Zur Mittagsstunde haben sich in der Kongresshalle der mittelenglischen Metropole Birmingham mehrere tausend Aktivisten zur Eröffnung des Reform-Parteitags eingefunden, als die Nachricht aus London die Runde macht: Labours Vize-Premierministerin Angela Rayner ist nach tagelangem Zögern wegen einer Steuersparaffäre zurückgetreten, Regierungschef Keir Starmer bastelt an einer Kabinettsumbildung.

Die Reform-Strategen reagieren blitzschnell. Parteichef Nigel Farages zentrale Rede wird vom späten Nachmittag vorgezogen, um die Medien-Aufmerksamkeit noch zu dominieren, bis die neuen Ministernamen wichtiger werden. Mit lauter Rockmusik und gleißender Pyrotechnik schreitet der 61-Jährige wenig später würdig auf die Bühne und winkt huldvoll dem Parteivolk zu.

Die Inszenierung ist so professionell wie die knapp halbstündige Rede.
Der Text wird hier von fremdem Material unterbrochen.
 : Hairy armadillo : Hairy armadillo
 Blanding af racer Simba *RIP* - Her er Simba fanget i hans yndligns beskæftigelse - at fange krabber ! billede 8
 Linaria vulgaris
Farage spricht frei, beschreibt Großbritannien als Land „im ökonomischen und kulturellen Niedergang“, ja kurz vor dem „Zusammenbruch der Gesellschaft“. Der Partei würden Menschen mit Regierungserfahrung fehlen, beklagt der Nationalpopulist und präsentiert als neueste Überläuferin von den „klinisch toten“ Konservativen die Kurzzeit-Kulturministerin Nadine Dorries – nicht gerade ein Paradebeispiel für langjährige Regierungskompetenz. Dabei hat Reform es eilig, glaubt der Chef: Angesichts der Verwerfungen in der Labour-Regierung könnte schon im Frühjahr 2027 eine vorgezogene Unterhauswahl bevorstehen. „Darauf müssen wir vorbereitet sein.“

Richtungsweisende Besetzung

Worauf Farage Bezug nimmt, hat tatsächlich das Potenzial für massiven Streit in der Regierungspartei. Weil Rayner nicht nur ihren Regierungsposten räumte, sondern auch den Vizevorsitz von Labour, steht eine monatelange parteiinterne Debatte über die mögliche Nachfolgerin – die Wahl eines Mannes gilt als ausgeschlossen – bevor.
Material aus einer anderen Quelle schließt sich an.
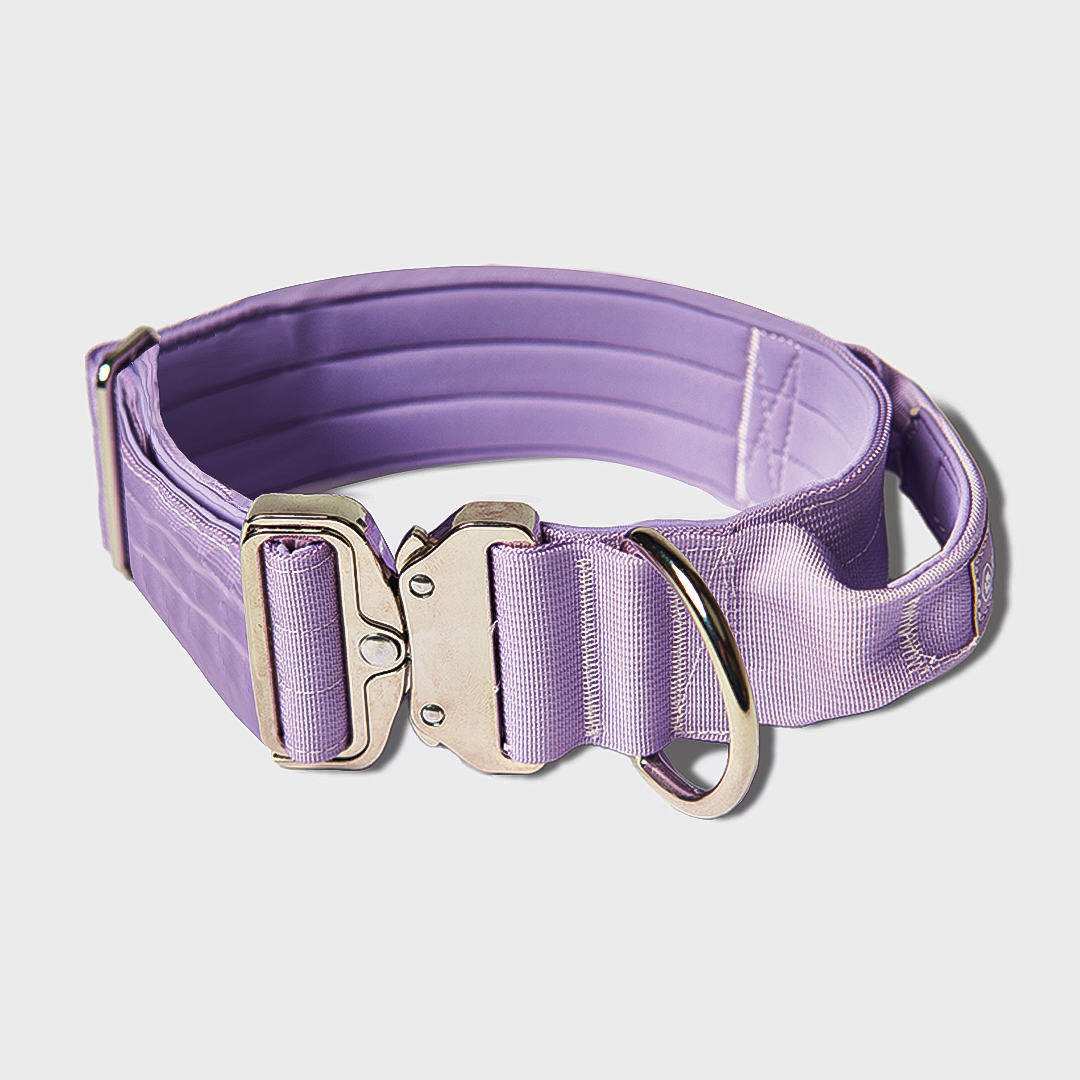 Comfort Control Dog Collar Sets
Die Sonntagsmedien stellen die Kandidatinnen vor, die allesamt dem linken Parteiflügel angehören. Dort ist die Kritik an Starmers Politik zuletzt stark gewachsen. Gefordert wird eine härtere Haltung gegenüber Israels Gaza-Krieg, die stärkere Besteuerung von Hauseigentümern und Banken, mehr Hilfe für sozial Schwache.

Der Premier und sein Stabschef Morgan McSweeney aber scheinen die Asylpolitik für das zentrale Element des Regierungshandelns zu halten. Dafür spricht der komplette Austausch von Ministerin und Staatssekretärinnen im zuständigen Innenministerium. Die kompetente, aber zögerliche Yvette Cooper versetzte Starmer ins prestigeträchtige, aber politisch einflusslose Außenamt; dessen bisheriger Minister David Lammy darf sich dafür mit dem Titel des Vize-Premiers schmücken.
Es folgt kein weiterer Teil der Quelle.